Porto do Rio Grande em 1908

Porto do Rio Grande em 1908

segunda-feira, 31 de agosto de 2020

A CRIATURA DO BANHADO DO TAIM

 

Trecho do Banhado do Taim. Acervo: Autor. 


Estamos em 2020 e uma história continua a ser repetida, com casos novos e esporádicos, algumas vezes aumentados e outros inventados, mas, sua persistência indica que algo estranho vive no banhado do Taim! Como historiador, já li nos documentos dos séculos XVIII, XIX e XX tantos registros sobre este assunto, que não posso ignorar que algo ainda inexplicável tem ocorrido a mais de trezentos anos no que hoje é atual Reserva Ecológica do Taim!

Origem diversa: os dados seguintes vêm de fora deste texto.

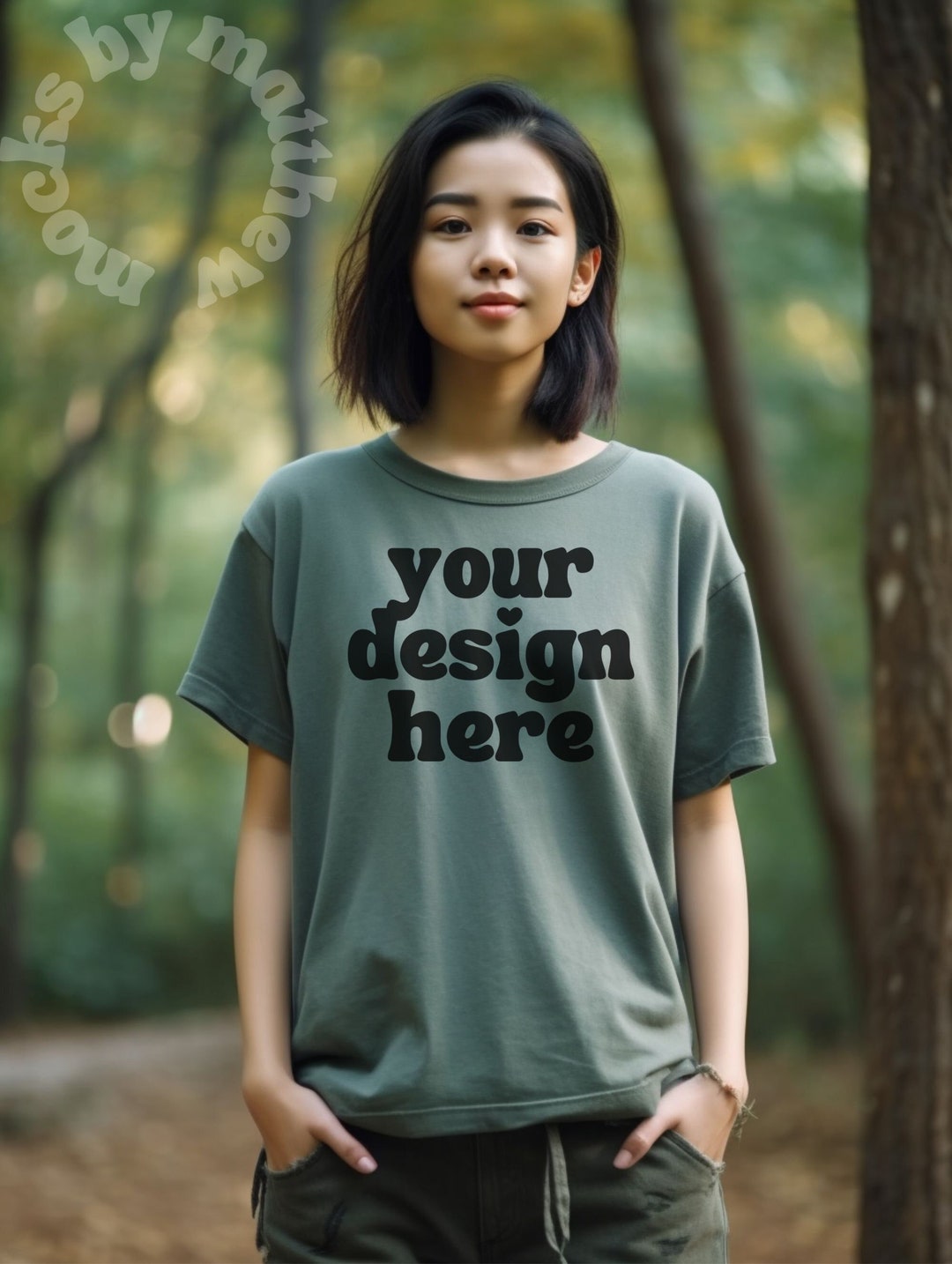 Comfort Colors 1717 Bay Tshirt Mockup Female Model Autumn Etsy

Como não tenho explicação faço apenas o relato de um mínimo destas fontes que tratam deste assunto insólito.

Lá pelos idos de 1690, os primeiros tropeiros que cruzaram pela área do Taim ficavam apreensivos ao passar pelos alagadiços com o gado. O caminho utilizado desviava do alagadiço cruzando por uma pequena faixa de terra entre a Lagoa Mirim e o início dos banhados, na altura da atual capela do Taim.

Porém, sempre havia o gado desgarrado que exigia uma saída da rota para buscá-lo.   

E este era o temor: adentrar nos alagadiços da atual reserva ecológica do Taim!

Anoitecer no Taim. Acervo: Autor. 

Os tropeiros que passaram pela região relatavam sons estranhos e vultos não identificáveis que vagavam durante a noite. Muito pior que estas estranhezas era quando o tropeiro adentrava o banhado e não retornava. Normalmente não era mais visto, pois, não faltava jacarés para desaparecer com um corpo no fundo das águas. Às vezes que o tropeiro foi encontrado ele estava virado num punhado de ossos e esvaziado de seu conteúdo líquido: fora drenado por algum animal! Mas que animal seria este que vivia naqueles amplos banhados que faziam com que o olhar se estendesse até o horizonte do Oceano Atlântico?

No Taim, algo chamava a atenção destes condutores do gado chimarrão da Vacaria del Mar: este gigantesco viveiro de gado selvagem  que não se restringia ao extremo sul do Brasil, mas, que adentrava na atual Província de Rocha e se estendia até a fortaleza lusitana da Colônia do Sacramento do Rio da Prata.

Este algo era escabroso: capivaras mortas e cujo corpo parecia ter sido sugado, desaparecendo a sua tradicional gordura e o seu líquido vital. Isto era assombroso, pois lembrava muito a aparência que ficavam os míseros tropeiros que também foram encontrados neste estado. Que animal fazia isto com humanos e capivaras? Deveria ser muito forte, pois o óleo de capivara era um fortificante já conhecido da gauderiada. Imagine, sugar uma capivara inteira?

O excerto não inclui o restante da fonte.